The Enormous Gap in U.S. vs Canadian Profitability and Multiples
The graph displays the five most profitable U.S. and Canadian cultivation & retail companies with market caps over $200 million, and their respective valuation multiples.
The dark green bars represent the consensus 2022 EBITDA margins for the U.S. companies, while the light green bars represent the margins for the Canadian companies.
Each of the top 5 U.S. competitors have margins that are more than double that of Village Farms, the Canadian company with the highest expected 2022 profitability.
Moreover, the U.S companies are already achieving similar margins in 2021 whereas the Canadians require significant advances to achieve their 2022 estimates. Expected 2021 margins for the five U.S. Companies average 91% as high as their 2022 expectations. The Canadians are only expected to have 2021 margins that are 60% as high as their 2022 esitmates.
The orange dots represent the 2022 consensus EV/Revenue multiples. With significantly lower profitability we would expect much lower revenue multiples than we observe.
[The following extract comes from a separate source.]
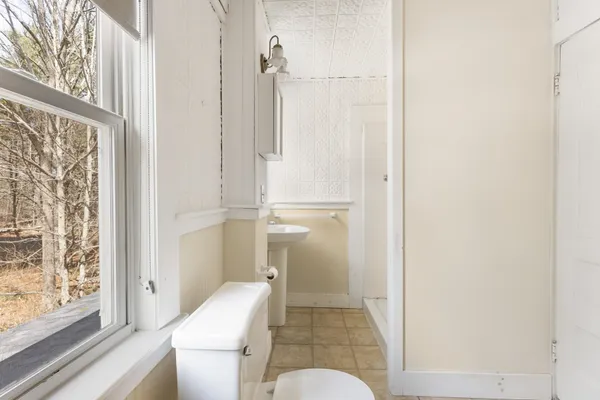 $549,900 | 180 Main Street, Kingston, NH 03848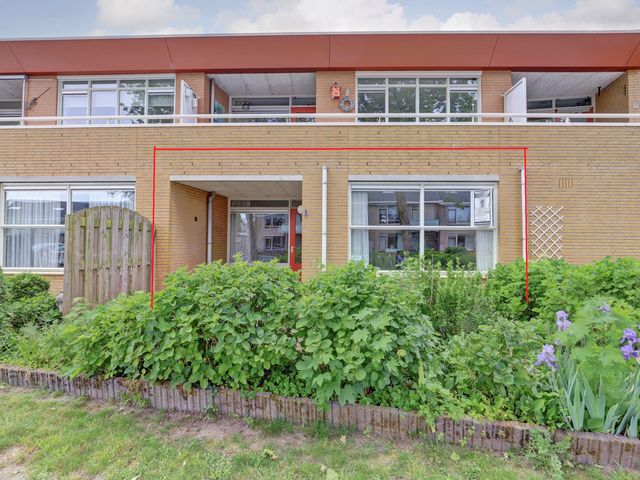Apollostraat 17, Strijen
Tilray and Sundial revenue multiples impliy EV/EBITDA multiples of 49x and 65x respectively.
The US companies trade at 2022 EBITDA multiples that range from a low of 6.5x for Trulieve and Verano to a high of 13.1x for GTI while the Canadians trade in a range of 14.7x to 65x.
We have difficulty explaining this gap in valuation given the much higher profitability of the US companies. Even with increased acquisitions of U.S. companies by Canadian companies (requiring legislative/regulatory changes in many cases for full effectiveness), we do not believe this gap is justified or sustainable.